Analysis_of_molecular_variance is a Python script for performing an analysis of molecular variance (AMOVA). AMOVA is a statistical technique developed by Excoffier et al. (1992) to determine differences between different populations of a species.
For example, AMOVA could be used to determine how closely related bacterial populations collected from different countries are, from which inferences could be made about how the bacteria have spread.
Analysis_of_molecular_variance is not associated with a paper; to cite it please use:
Sutton, ER. (2015). Analysis_of_molecular_variance [Software].
Available at https://github.com/ElizabethSutton/Analysis_of_molecular_variance.
Analysis_of_molecular_variance requires Python.
Analysis_of_molecular_variance takes as its input a tab-delimited text file, such as the 'bacterial_populations.txt' file provided, comprising a list of samples, with the leftmost column containing the population name for each sample (e.g. the country from which the sample was derived). There can be any number of different populations. The remaining columns, of which there may be any number, contain assignments for categorical characteristics of the sample (e.g. MLST allele numbers). The example input file provided, 'bacterial_populations.txt', looks like this:
| | | | --- | --- | --- | --- UK | gene1:allele1 | gene2:allele1 | gene3:allele4 UK | gene1:allele1 | gene2:allele1 | gene3:allele3 USA | gene1:allele2 | gene2:allele2 | gene3:allele1 USA | gene1:allele2 | gene2:allele1 | gene3:allele4 Australia | gene1:allele3 | gene2:allele3 | gene3:allele2 Australia | gene1:allele2 | gene2:allele3 | gene3:allele4
To calculate the difference between the bacterial populations described in the example input file provided, 'bacterial_populations.txt', the command would be:
./analysis_of_molecular_variance.py bacterial_populations.txt
Analysis_of_molecular_variance calculates a total score for every possible pairwise comparison of samples in the dataset, with a score of 1 being given for every characteristic in which the samples differ.
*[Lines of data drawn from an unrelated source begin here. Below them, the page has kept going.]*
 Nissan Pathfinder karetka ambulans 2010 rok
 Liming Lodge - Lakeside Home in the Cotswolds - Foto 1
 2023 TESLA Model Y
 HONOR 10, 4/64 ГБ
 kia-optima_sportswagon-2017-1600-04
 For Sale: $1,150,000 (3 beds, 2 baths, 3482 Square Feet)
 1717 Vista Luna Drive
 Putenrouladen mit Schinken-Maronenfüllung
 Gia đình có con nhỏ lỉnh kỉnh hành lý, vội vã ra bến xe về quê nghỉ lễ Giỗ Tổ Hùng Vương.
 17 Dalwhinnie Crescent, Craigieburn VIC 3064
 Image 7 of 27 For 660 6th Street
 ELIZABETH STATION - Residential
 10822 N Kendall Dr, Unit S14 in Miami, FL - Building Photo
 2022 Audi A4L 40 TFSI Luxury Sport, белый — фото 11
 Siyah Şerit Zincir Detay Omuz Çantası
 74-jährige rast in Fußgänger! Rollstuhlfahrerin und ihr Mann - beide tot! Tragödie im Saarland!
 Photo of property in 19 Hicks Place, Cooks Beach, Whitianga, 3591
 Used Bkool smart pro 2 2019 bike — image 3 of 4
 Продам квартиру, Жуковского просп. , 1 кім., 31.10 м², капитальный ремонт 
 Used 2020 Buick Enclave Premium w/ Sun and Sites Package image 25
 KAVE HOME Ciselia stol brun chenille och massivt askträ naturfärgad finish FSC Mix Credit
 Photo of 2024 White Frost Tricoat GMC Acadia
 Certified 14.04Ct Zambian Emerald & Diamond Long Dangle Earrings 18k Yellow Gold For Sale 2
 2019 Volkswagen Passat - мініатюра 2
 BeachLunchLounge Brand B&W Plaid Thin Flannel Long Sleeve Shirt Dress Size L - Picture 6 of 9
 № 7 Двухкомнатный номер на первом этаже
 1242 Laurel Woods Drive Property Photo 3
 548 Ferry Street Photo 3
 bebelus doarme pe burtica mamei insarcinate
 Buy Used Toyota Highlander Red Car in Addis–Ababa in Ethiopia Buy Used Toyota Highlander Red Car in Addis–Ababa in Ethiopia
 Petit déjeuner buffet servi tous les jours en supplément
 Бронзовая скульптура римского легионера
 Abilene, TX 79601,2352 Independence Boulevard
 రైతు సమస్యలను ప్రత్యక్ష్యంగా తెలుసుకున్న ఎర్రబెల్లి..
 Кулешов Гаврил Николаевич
The average difference between populations is then compared to the average difference within populations, and a measure known as PhiPT returned to indicate the level of difference between populations. A PhiPT value of 0 suggests that there is no difference between populations, while a PhiPT value of 1 suggests that populations are completely distinct. A negative PhiPT value suggests that samples within a population are more closely related to samples from another population than they are to samples within their own population.
The output of the script is a text file containing a table of PhiPT values for every pairwise comparison of populations within the dataset, followed by a PhiPT value for all populations compared together.